StringBuffer can also be used to concatenate String objects. However, this class is less performant because it is designed to be thread-safe, and acquires a mutex before each operation. Since you almost never need thread-safety when concatenating strings, it is best to use StringBuilder.

If you can express a string concatenation as a single expression, then it is better to use the + operator. The Java compiler will convert an expression containing + concatenations into an efficient sequence of operations using either String.concat(...) or StringBuilder. The advice to use StringBuilder explicitly only applies when the concatenation involves a multiple expressions.

Don't store sensitive information in strings. If someone is able to obtain a memory dump of your running application, then they will be able to find all of the existing String objects and read their contents. This includes String objects that are unreachable and are awaiting garbage collection. If this is a concern, you will need to wipe sensitive string data as soon as you are done with it. You cannot do this with String objects since they are immutable. Therefore, it is advisable to use a char[] objects to hold sensitive character data, and wipe them (e.g. overwrite them with '\000' characters) when you are done.

All String instances are created on the heap, even instances that correspond to string literals. The special thing about string literals is that the JVM ensures that all literals that are equal (i.e. that consists of the same characters) are represented by a single String object (this behavior is specified in JLS). This is implemented by JVM class loaders. When a class loader loads a class, it scans for string literals that are used in the class definition, each time it sees one, it checks if there is already a record in the string pool for this literal (using the literal as a key). If there is already an entry for the literal, the reference to a String instance stored as the pair for that literal is used. Otherwise, a new String instance is created and a reference to the instance is stored for the literal (used as a key) in the string pool. (Also see string interning).

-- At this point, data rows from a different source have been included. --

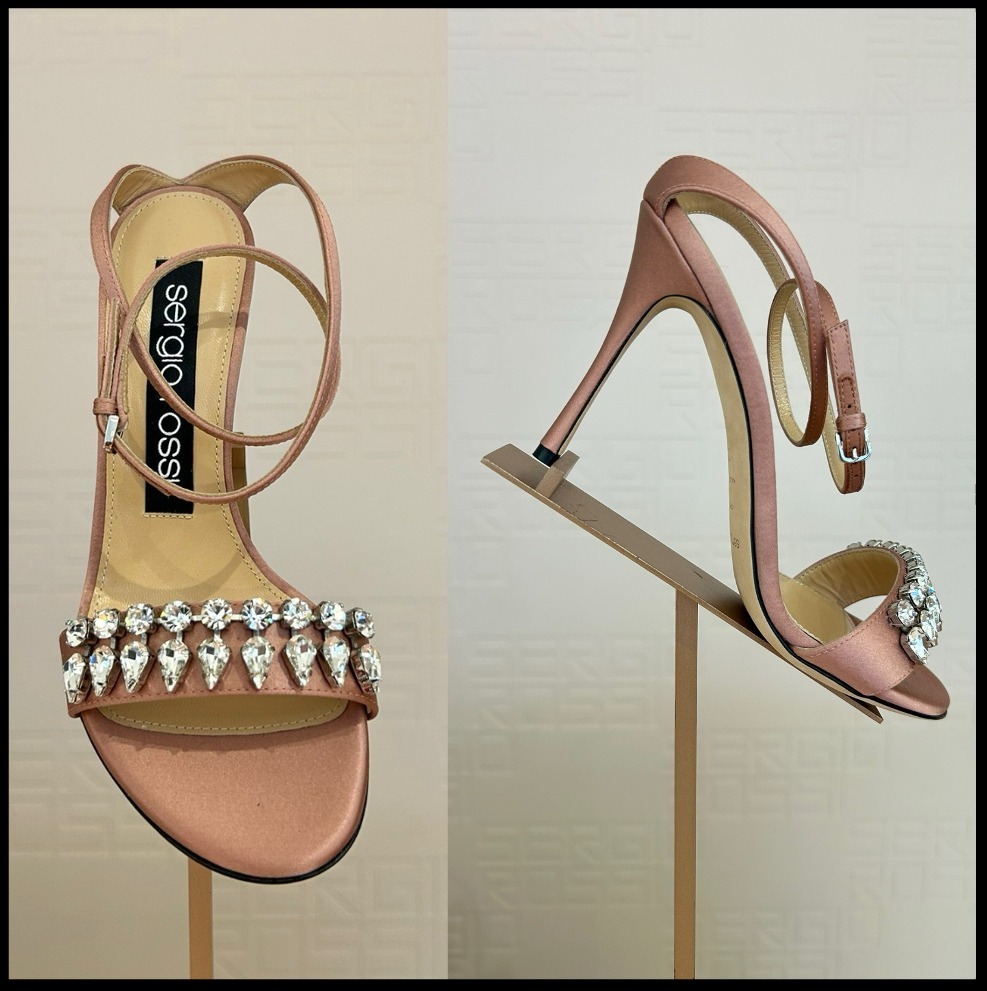 直営店☆SergioRossi☆ Godiva サテン&クリスタル サンダル/90mm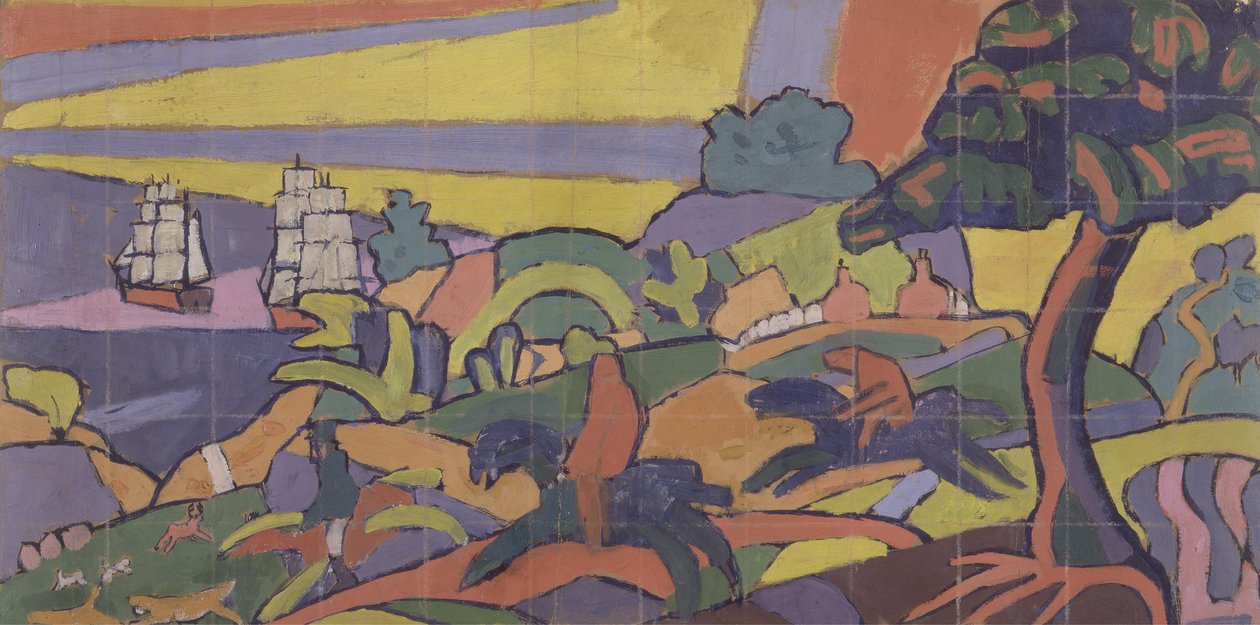 Design för hjortjaktsväggmålning i Cabaret Theatre Club, 1912 (olja och krita på papper) av Spencer Frederick Gore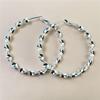 Pendientes chapados en plata, estilo coreano, modernos pendientes ondulados atmosféricos retorcidos, pendientes de plata S925 clásicos de moda para mujer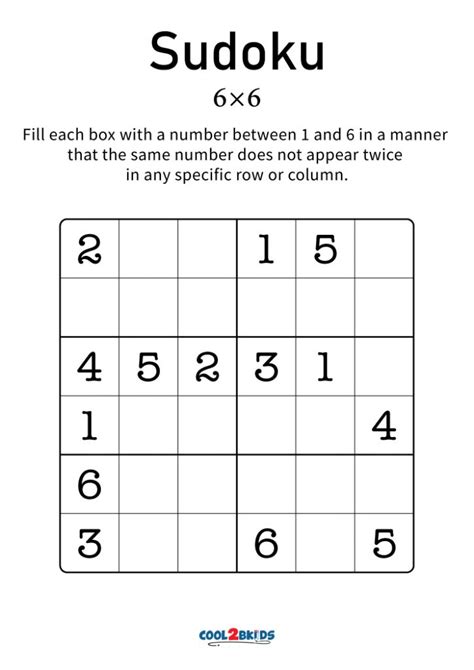 Free Sudoku Puzzles Free Printable 6x6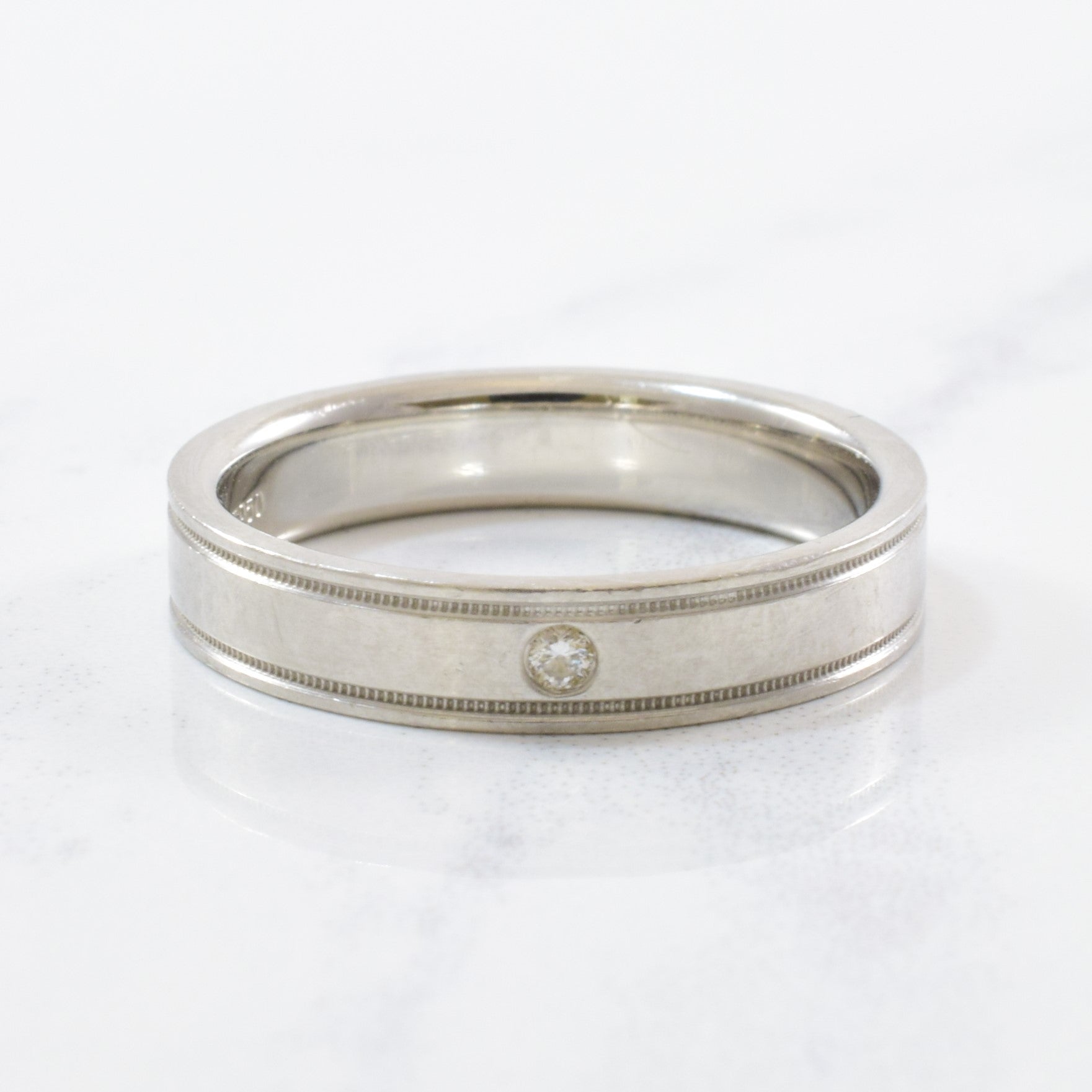 'Tiffany & Co.' Essential Double Milgrain Ring | 0.01ct | SZ 7.5 |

The string pool is held in the Java heap, and is subject to normal garbage collection.

Java SE 7

In releases of Java before Java 7, the string pool was held in a special part of the heap known as "PermGen". This part was only collected occasionally.

Java SE 7

In Java 7, the string pool was moved off from "PermGen".

Note that string literals are implicitly reachable from any method that uses them. This means that the corresponding String objects can only be garbage collected if the code itself is garbage collected.

Up until Java 8, String objects are implemented as a UTF-16 char array (2 bytes per char). There is a proposal in Java 9 to implement String as a byte array with an encoding flag field to note if the string is encoded as bytes (LATIN-1) or chars (UTF-16).